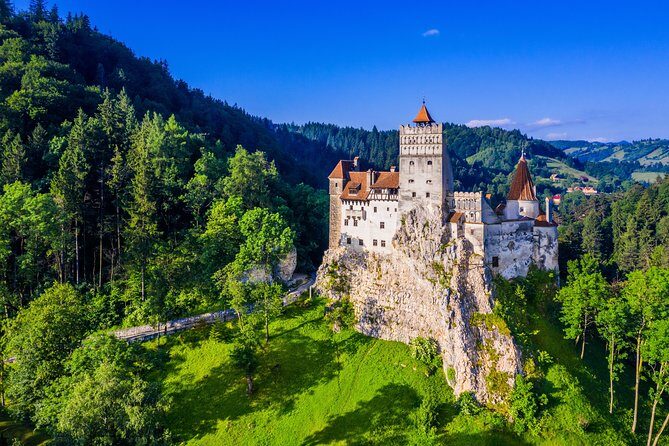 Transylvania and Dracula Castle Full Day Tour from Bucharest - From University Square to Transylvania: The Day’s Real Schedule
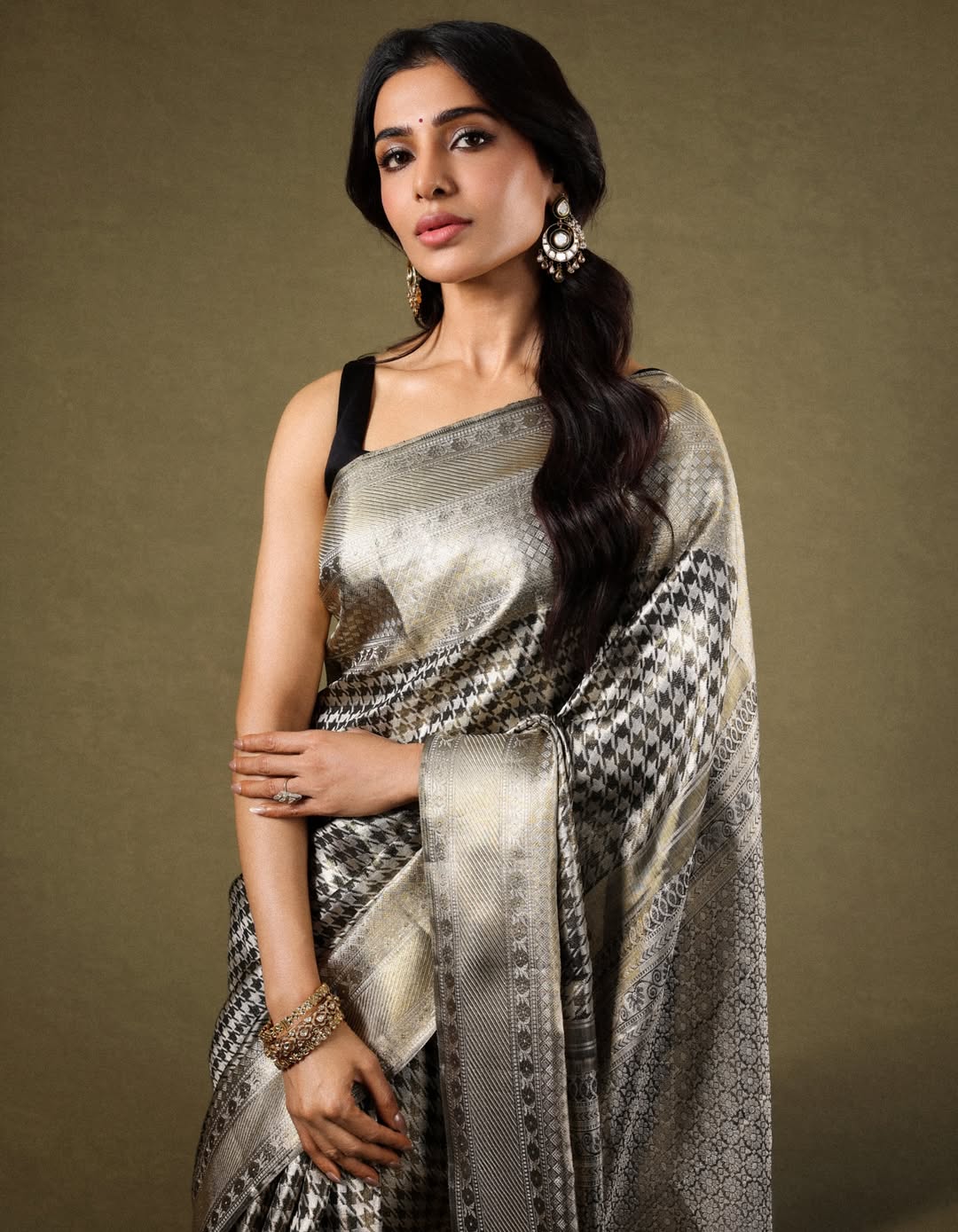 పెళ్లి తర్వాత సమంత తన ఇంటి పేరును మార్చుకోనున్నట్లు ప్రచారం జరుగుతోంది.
--------------------------------------------------
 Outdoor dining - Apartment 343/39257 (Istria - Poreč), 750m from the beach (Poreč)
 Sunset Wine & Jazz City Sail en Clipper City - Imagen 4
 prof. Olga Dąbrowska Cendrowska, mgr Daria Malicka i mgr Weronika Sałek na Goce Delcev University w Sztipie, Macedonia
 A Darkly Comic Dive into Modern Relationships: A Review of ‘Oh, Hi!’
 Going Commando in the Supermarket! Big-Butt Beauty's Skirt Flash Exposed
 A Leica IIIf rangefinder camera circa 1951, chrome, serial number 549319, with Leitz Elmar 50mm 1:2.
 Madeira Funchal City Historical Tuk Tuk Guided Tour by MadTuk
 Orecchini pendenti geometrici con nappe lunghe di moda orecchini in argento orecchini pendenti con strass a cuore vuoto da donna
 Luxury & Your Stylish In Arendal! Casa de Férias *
--------------------------------------------------
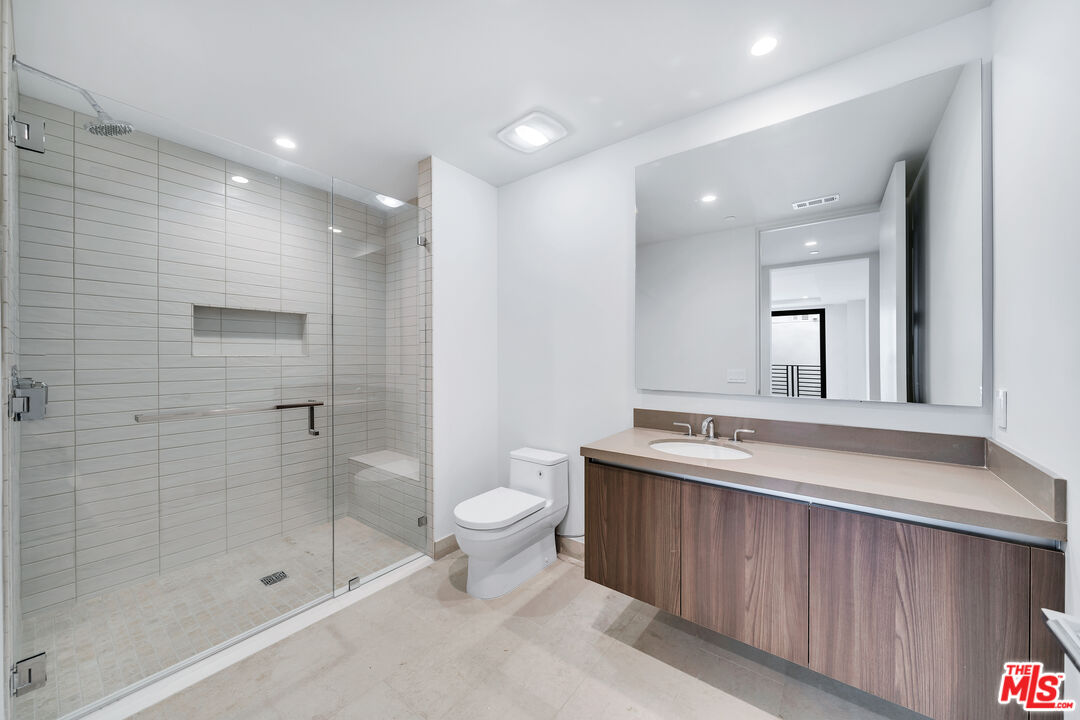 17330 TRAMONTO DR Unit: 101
--------------------------------------------------
**WORK ITEM**
What lines of the material above hold the string "City"? Please copy them.

**TASK ANSWER**
 Sunset Wine & Jazz City Sail en Clipper City - Imagen 4
 Madeira Funchal City Historical Tuk Tuk Guided Tour by MadTuk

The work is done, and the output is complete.